The Bluetooth module is the device
that you will leverage for both this lab as well as your final
project (so treat it well!). This Bluetooth device is a
module, meaning that it is in actuality composed of more than
one IC chip (a BlueCore chip with a separate microcontroller
to operate it), although it is treated as one chip with one
footprint. This particular version comes with its own on
board voltage regulator and convenient access to the UART
Tx/Rx communication pins.
1: Solder wires connecting the Vcc, GND, Tx,
and Rx pins from the LPCXpresso board to the BlueSMiRF
device--make sure that the Arm UART's Rx connects to the
BlueSMiRF Tx (not Tx to Tx or Rx to Rx!).
Note: When connecting the
BlueSMiRF device to your phone for the first time, you need to
"pair" the device with your phone. This is only required
for the first time, and can be done with the default password
You are going to leverage an
Android phone/tablet to receive the serial communications from
the embedded hardware.
For this project, you will utilize
another NXP example project--"uart". Please locate,
open, and compile this project. By coincidence, the
BlueModule's default firmware is set to the same serial
communications configuration (9600 baud, 8 bits, no Parity, 1
stop bit), however be aware that with other Bluetooth radios
you may need to configure this portion yourself. (Note: Verify
the Bluetooth module does in fact have its baudrate set at
9600 by looking into the documentation.)
3: Initiate a debugging session with the "uart"
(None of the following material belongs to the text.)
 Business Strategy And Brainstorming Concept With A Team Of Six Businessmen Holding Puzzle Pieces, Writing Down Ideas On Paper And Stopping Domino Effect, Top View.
project, and connect your Android phone to your specific
Bluetooth device (i.e., make sure not to connect to another
group's device). Test the example's functionality by
sending some characters from your Android phone and seeing if
they are echoed back by the Arm Cortex M0.
4: Modify the code in the "uart" example
project such that you repeat a message of "Hello World!\n" at
some fixed delay interval of your choosing.
Now that you understand the
fundamentals of using the Arm Cortex M0 to facilitate
communication between Bluetooth module and the Serial Bluetooth
Program, let's do something more useful. For the second
portion of the lab assignment, you are going to use your
phone/tablet to control the Arm Cortex M0 peripherals, and
namely, the GPIO and ADC ports (GPIO is required, ADC is
optional and 10% extra credit). To do this, you will have
the Arm display a menu system to the Bluetooth terminal
application, with which you can interact to set different
parameters for the two peripherals.
Table 2 describes the
expected overall flow of the menu system. LED control is
required for this lab, while ADC control is an additional extra
credit component. You have already provided solutions for
the control of the LED's blinking frequency and duty cycle in
previous lab assignments, but the parametrization was set
statically at compile time, and not dynamically
accessible. In this assignment, you remedy such
inflexibility and provide a method of remote configuration for
your embedded system – your Android phone.
The end goal of this
assignment is an ability to traverse these menus at will from
your phone's Bluetooth terminal, and enact the desired changes
in the peripheral's operation as indicated by the menu
choices. Only the first character of any string of
characters sent from the Android phone should be considered, and
the rest thrown away. Each new menu with all options
should be displayed in full upon reaching it. You may
select the meaning of 'Slow', 'Fast', etc, for both LED and ADC
For the ADC reporting
functionality portion of the extra credit assignment, you may
find that the menu is rapidly displaced by the reported ADC
values. This is perfectly okay, as you can refer to this
page for which number selections correspond to which menu
options. =] You will also need to devise a way to send the
voltage values. Remember, the ADC peripheral reports its
voltage by a counting of the number of (3.3-0)/2^10 divisions
that a measured voltage is closest to. Keep in mind that
even if you chose to just send this count number, that the
Bluetooth terminal will interpret it as an ASCII value and print
the corresponding characters to your Android screen. There
is no set or right way to handle this, but try to see if you can
come up with some interesting solutions to this problem.
|Arm Peripheral Control Menu
1. Control LED
2. Control ADC
LED Control Menu
LED Frequency Menu
LED Duty Cycle Menu
Reporting Frequency Menu
Figure 2. The Arm peripheral configuration menu flow (blue parts are required, red parts are optional and if completed yield 10% extra credit).